=== Provided entries ===
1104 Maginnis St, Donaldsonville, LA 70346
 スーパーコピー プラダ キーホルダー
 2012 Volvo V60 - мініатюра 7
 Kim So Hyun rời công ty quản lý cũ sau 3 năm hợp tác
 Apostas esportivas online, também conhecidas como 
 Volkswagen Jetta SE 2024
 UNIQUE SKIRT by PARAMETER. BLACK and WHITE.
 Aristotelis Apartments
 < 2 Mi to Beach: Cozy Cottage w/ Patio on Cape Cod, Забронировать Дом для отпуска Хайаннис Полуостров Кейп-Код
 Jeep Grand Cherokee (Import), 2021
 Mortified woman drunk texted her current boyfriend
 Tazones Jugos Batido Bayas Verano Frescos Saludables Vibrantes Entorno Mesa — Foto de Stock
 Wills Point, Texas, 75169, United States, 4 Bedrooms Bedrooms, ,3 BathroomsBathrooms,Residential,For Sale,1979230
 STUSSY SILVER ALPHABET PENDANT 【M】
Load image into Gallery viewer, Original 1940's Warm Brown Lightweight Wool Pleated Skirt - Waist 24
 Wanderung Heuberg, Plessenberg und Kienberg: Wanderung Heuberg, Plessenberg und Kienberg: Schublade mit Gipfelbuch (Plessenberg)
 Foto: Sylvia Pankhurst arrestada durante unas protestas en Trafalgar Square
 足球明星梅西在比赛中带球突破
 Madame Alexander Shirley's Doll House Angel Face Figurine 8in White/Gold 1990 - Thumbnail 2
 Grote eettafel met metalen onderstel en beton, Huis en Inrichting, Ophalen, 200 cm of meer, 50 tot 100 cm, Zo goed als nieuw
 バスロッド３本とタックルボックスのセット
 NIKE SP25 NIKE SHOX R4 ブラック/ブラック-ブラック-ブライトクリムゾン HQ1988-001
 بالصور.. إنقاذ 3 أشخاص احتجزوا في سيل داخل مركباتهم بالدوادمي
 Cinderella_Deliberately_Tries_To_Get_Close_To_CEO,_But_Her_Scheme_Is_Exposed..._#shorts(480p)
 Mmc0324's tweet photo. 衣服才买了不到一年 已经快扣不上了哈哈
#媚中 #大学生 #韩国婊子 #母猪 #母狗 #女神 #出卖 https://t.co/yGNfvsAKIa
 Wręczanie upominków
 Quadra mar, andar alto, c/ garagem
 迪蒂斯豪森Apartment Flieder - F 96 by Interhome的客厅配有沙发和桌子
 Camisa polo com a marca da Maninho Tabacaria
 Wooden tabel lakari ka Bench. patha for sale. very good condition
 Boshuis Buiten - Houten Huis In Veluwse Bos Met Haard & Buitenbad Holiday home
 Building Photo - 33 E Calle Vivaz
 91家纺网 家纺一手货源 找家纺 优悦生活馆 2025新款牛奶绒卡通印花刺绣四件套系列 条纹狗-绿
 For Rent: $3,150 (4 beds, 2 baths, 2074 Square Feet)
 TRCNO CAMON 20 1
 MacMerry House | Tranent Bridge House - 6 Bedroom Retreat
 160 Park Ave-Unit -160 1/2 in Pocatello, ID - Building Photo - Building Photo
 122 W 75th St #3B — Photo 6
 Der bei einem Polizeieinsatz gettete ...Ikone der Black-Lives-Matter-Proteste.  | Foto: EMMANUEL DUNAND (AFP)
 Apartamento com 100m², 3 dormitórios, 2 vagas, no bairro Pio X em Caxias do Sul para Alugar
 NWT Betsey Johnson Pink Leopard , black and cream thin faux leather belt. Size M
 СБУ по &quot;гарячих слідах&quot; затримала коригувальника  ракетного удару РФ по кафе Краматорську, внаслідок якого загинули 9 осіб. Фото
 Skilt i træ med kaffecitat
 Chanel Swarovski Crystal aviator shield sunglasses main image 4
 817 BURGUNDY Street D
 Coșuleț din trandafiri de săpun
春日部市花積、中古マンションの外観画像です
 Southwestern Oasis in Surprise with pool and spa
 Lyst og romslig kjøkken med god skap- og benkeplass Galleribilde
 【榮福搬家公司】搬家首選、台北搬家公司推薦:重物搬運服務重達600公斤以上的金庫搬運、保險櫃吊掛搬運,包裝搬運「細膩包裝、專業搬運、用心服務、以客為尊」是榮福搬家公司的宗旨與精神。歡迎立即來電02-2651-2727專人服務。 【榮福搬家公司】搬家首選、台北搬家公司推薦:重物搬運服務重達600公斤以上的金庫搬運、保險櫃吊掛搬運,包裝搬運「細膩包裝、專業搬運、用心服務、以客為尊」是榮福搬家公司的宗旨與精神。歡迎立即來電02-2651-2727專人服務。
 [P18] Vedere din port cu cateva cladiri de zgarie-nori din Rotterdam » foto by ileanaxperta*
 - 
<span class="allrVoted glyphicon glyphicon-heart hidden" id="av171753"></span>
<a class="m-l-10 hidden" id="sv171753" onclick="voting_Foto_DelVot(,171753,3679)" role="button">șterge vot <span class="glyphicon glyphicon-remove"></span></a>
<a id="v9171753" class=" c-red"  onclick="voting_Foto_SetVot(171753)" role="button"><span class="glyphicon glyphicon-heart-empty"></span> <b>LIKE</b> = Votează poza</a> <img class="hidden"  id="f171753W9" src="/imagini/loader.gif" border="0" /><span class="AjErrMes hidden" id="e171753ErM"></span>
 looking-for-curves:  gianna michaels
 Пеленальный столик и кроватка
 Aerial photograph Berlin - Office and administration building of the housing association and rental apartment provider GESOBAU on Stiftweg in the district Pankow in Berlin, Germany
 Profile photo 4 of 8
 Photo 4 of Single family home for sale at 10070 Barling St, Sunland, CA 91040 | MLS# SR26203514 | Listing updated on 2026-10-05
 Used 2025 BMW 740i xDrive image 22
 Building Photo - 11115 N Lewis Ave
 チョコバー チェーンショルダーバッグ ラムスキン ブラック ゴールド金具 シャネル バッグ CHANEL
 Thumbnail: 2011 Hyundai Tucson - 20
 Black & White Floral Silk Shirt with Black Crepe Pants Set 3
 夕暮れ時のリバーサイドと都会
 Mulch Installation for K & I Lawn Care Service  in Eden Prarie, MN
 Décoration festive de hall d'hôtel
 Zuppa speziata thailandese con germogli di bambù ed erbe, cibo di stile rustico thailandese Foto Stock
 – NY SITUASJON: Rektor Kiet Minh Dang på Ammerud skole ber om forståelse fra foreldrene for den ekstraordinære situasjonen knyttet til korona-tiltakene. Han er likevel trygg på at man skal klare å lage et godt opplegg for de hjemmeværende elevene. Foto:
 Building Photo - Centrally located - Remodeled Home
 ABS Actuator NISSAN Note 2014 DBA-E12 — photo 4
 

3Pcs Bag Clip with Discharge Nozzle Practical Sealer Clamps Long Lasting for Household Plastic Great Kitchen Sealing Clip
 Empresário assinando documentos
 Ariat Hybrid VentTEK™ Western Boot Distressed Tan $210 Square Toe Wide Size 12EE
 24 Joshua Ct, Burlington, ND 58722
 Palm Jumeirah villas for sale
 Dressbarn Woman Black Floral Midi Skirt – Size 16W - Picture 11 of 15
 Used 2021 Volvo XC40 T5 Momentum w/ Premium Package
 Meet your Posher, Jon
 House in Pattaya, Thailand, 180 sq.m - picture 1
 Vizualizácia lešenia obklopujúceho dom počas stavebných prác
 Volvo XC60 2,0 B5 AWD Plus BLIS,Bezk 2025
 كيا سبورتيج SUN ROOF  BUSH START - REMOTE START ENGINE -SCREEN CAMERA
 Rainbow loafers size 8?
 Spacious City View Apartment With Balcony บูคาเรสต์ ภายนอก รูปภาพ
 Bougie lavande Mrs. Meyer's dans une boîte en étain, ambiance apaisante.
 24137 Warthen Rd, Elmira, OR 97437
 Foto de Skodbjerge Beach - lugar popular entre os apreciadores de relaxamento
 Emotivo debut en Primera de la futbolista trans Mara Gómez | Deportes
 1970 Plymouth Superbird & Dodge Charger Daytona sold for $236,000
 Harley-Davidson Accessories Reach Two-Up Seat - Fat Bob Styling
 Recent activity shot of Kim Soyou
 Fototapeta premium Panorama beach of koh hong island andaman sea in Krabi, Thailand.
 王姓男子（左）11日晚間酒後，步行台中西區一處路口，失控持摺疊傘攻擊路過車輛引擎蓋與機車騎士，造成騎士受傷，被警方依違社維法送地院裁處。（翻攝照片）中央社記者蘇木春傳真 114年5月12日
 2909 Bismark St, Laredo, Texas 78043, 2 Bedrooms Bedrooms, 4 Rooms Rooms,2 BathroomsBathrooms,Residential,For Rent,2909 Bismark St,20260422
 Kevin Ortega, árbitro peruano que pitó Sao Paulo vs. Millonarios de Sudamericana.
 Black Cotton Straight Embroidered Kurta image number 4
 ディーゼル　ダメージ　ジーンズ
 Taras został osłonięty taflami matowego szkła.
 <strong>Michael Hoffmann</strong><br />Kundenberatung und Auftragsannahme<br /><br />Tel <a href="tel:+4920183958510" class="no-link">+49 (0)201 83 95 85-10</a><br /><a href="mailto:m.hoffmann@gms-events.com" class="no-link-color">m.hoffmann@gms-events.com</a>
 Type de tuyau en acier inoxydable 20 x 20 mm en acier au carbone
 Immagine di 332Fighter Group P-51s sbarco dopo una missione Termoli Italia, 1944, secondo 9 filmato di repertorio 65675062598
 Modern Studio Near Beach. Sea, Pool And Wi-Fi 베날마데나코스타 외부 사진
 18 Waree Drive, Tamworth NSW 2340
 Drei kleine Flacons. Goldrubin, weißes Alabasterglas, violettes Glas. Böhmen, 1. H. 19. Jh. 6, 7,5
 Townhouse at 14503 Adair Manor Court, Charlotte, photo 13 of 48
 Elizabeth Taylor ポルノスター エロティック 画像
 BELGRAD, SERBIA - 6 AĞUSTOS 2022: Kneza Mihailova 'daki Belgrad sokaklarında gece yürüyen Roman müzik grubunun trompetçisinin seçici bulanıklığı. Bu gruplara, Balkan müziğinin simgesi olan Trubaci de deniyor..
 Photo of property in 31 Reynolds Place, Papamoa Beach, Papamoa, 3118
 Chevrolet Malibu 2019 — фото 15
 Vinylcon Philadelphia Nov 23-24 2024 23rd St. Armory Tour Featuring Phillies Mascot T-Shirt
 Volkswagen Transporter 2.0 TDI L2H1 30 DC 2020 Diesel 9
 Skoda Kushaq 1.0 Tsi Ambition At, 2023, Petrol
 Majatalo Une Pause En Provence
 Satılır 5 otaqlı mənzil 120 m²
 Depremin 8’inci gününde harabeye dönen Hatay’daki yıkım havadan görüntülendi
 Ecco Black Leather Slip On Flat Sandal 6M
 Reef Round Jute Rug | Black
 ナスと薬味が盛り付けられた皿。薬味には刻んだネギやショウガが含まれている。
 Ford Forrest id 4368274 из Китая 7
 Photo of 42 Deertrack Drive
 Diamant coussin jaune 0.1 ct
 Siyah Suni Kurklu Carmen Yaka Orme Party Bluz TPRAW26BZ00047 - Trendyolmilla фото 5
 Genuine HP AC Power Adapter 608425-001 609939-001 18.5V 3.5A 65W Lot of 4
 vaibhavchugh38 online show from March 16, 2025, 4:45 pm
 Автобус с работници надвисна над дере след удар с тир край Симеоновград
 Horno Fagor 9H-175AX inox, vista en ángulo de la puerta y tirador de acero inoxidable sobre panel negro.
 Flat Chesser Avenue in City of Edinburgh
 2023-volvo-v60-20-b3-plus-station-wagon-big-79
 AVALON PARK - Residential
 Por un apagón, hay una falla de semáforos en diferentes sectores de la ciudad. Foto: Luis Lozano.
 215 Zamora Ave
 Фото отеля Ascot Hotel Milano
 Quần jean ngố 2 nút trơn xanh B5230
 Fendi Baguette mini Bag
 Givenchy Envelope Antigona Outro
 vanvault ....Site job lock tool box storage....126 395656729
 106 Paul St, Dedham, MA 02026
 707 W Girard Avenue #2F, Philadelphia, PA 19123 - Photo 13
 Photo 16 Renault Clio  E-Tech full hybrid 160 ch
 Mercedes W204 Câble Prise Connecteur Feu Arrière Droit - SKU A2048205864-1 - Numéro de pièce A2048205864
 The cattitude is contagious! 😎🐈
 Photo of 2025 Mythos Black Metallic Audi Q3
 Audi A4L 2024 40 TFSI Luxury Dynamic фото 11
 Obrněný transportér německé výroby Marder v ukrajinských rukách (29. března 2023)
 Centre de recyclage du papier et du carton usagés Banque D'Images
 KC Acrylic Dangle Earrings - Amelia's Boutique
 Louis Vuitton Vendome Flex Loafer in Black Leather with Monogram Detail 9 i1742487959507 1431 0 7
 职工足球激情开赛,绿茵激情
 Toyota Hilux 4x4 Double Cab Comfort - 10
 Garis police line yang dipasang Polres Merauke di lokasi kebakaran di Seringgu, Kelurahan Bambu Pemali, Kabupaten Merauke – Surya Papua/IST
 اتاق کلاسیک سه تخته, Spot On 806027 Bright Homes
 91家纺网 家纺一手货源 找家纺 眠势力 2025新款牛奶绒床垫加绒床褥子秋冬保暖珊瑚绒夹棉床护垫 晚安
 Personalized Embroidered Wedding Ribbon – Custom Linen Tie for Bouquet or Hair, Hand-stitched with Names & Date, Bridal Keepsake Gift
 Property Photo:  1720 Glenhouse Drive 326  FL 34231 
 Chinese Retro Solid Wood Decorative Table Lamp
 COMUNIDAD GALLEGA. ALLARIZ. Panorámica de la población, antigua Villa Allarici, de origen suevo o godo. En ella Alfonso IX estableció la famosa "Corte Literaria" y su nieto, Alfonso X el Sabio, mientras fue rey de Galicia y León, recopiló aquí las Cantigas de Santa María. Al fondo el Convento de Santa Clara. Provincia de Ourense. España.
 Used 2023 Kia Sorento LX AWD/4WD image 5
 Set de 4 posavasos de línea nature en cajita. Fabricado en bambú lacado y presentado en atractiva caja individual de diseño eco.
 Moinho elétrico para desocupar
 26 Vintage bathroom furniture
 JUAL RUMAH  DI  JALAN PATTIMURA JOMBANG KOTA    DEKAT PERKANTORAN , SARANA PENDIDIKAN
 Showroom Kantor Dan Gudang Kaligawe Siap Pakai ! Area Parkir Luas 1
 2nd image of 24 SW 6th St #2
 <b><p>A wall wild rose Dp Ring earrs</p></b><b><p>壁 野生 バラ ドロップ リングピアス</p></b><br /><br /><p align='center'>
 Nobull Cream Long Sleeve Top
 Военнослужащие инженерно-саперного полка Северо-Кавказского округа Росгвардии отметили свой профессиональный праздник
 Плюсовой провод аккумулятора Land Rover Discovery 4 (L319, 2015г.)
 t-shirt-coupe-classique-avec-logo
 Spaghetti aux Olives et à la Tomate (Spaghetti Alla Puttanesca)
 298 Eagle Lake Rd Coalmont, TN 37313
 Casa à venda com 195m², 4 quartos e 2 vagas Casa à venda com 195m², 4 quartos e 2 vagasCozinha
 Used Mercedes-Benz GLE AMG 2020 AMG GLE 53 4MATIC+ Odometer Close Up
===
What the task asks: When a line in the listing includes the word "vagas", report that line in full.

Response area:
 Apartamento com 100m², 3 dormitórios, 2 vagas, no bairro Pio X em Caxias do Sul para Alugar
 Casa à venda com 195m², 4 quartos e 2 vagas Casa à venda com 195m², 4 quartos e 2 vagasCozinha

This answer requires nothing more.